Microsoft Interview Question
Software Engineer InternsCountry: United States
Interview Type: In-Person
IPv4 is X1.X2.X3.X4 where X can be from 0 to 255, that's mean it can take 2^8 values.
4*X - is 4*8 bit and is it 4 byte.
1. we can use 4 byte as key for one element. In this case we will never have collisions.
2. we can use less then 4 byte, then the best way to impliment hash function will be to ignore first numbers, and use last (X4, X3.X4 or X2.X3.X4 dependence of how many memory we want to use) as hashkey.
We use only end of id address, because in real life ip addresses usually in one area have same first 3 digits, more over in one (home/work) network they usually have same 3*3 digits.
So collisions will be more evenly distributed if we skip first part.
Trie is how routing tables are stored. Best part about trie is there is no wasted space. And at each iteration (byte) you only bring in corresponding subtree into memory
Really? Trie has no 'wasted space'? 255 branches and only 2 IPs stored..will it be fully utilized?

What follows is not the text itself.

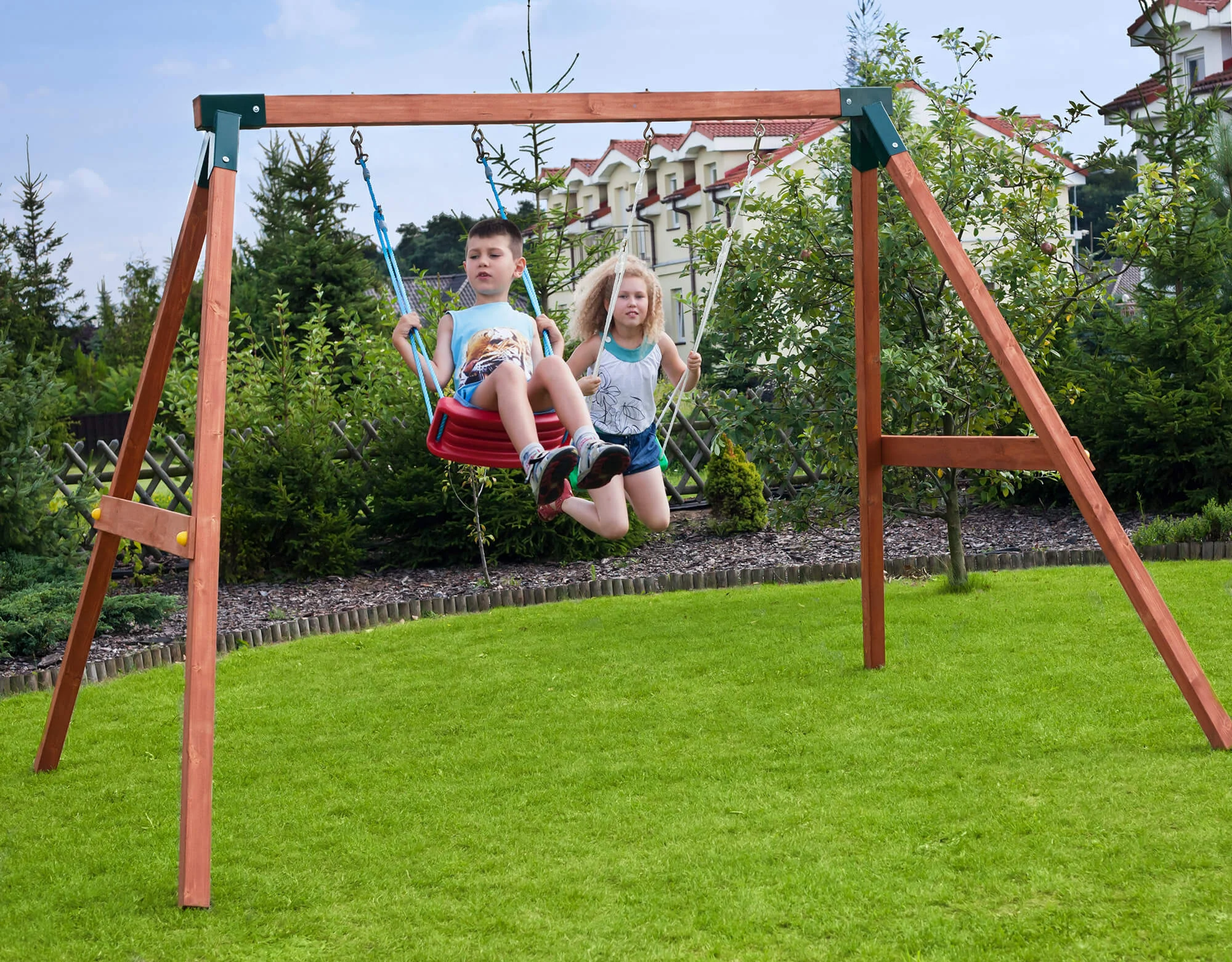 Altalena per Bambini da Giardino 305x252x217 cm in Legno di Conifera Taini Swing Fly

it depends how much collisions you want, just take it as 32 bit unsigned number, then for example if I want to contain it in 5 bits itself do H(IP)=IP%31, if I want 6 bit I might do H(IP)=IP%61 something like thatbut of course the more you decrease the bits the more will be collisions so depends upon your application how much it can bear and how much space it can allocate
If we have 32 bits of data, we could enumerate all possible values (treated as an unsigned int), but we'd use too much space if we allocated for all of them. We only need enough space to store ~10 million ints. Depending on how many collisions we want to see, we can chop off some of the bits.
2^23 = 8 million
2^24 = 16 million
We could choose to only use the lower 23 or 24 bits of the addresses. I wouldn't choose the higher 24 bits because the variability is less.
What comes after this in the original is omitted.